Reading this article asking the US shale to cut produciton.... Havent they already???? All the while OPEC has been increasing production. what a bunch or morons.
While OPEC is still struggling to get all its members on the same page regarding the promised production cuts, UAE Energy Minister is calling non-OPEC oil producers to join the fight, including Russia and even US shale.
“It takes more than OPEC to stabilize the market – there is a realization that other big players need to do their jobs” including US shale, United Arab Emirates Energy Minister Suhail Mohammed Al Mazrouei said to Bloomberg Television on Wednesday. "If we all collectively agree that there is an oversupply then we need to collectively participate in fixing this. We are sending an open invitation to everyone."

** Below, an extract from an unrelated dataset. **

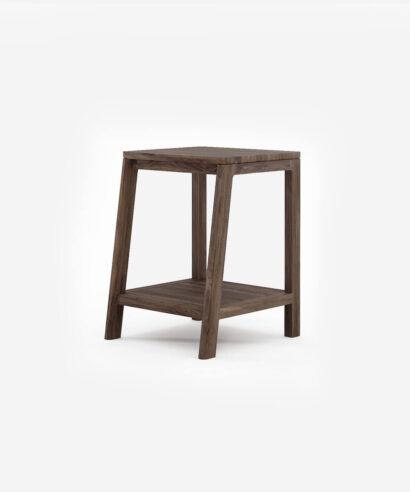 Solid Wood Side Tables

And while almost everyone—including many US shale players—would agree that there is an oversupply pressing down prices, the typical M.O. of the US is to let the market dictate price, and let the chips (or shale players) fall where they may.
On Thursday, US Energy Secretary Ernest Moniz, who prefers the phrase “market price” to “low price” in reference to today’s $50 oil, emphasized in a separate Bloomberg interview his commitment to “market forces”.

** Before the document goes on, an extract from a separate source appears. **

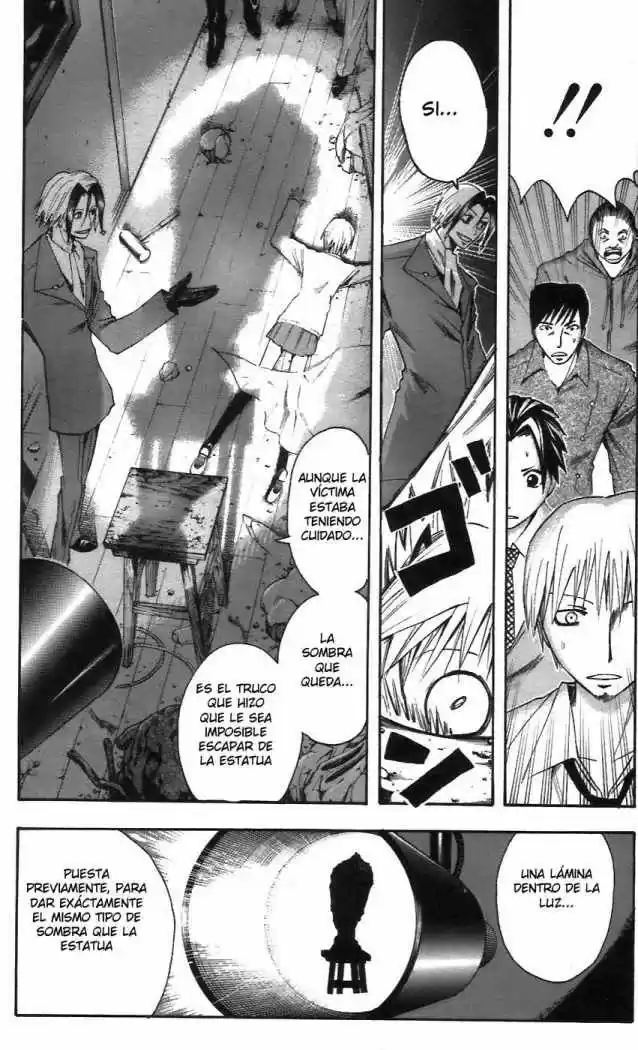 Majin Tantei Nōgami Neuro - Capítulo 54 - Página 17 - LectorTMOo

“We think there should not be a setting of quotas by various countries, as is being discussed,” Moniz said, adding that the US has said as much to the Saudi Energy Minister during previous dialogues.

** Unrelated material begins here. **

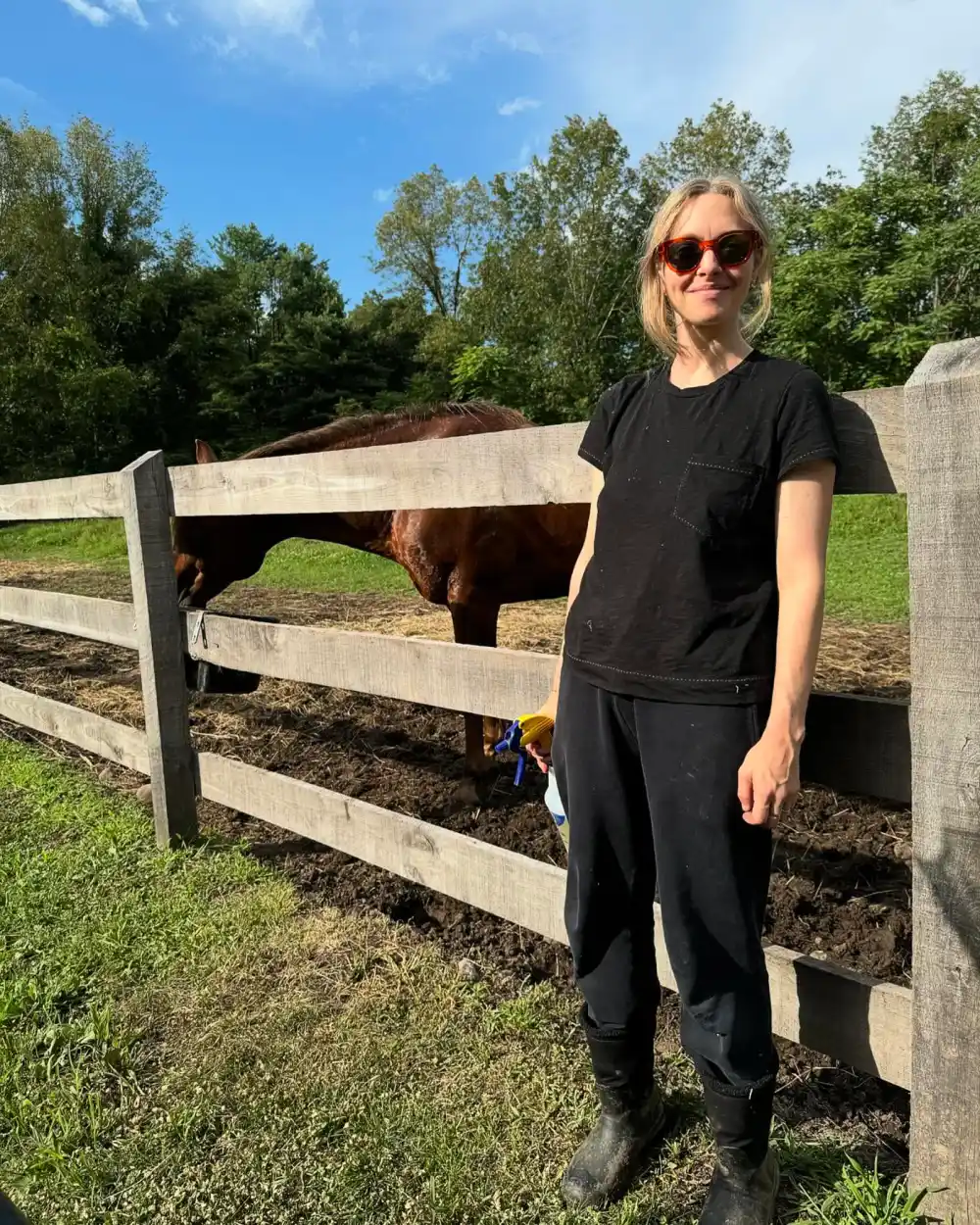 Amanda Seyfried Opens Up About Life on Her Blissful Farm: &lsquo;I Know How Lucky I Am&rsquo;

Moniz pointed out that the market was already in the process of correcting itself, which can be seen by the drop is US production from 9.4 million barrels a day in 2015, to an extrapolated average of 8.6 million to 8.7 million per day in 2016—a natural decline driven by the lower (or market) prices.
Russia and US shale aside, OPEC still has a long way to go internally to hash out an agreement, what with OPEC still squabbling over even the starting point for OPEC negotiations—what September production numbers really were—a small detail that could mean a half-million-barrel swing over what figures to use for Venezuela and Iraq September production. The September production numbers, if they are ever agreed upon, will be used to determine production levels going forward after the 30 November meeting.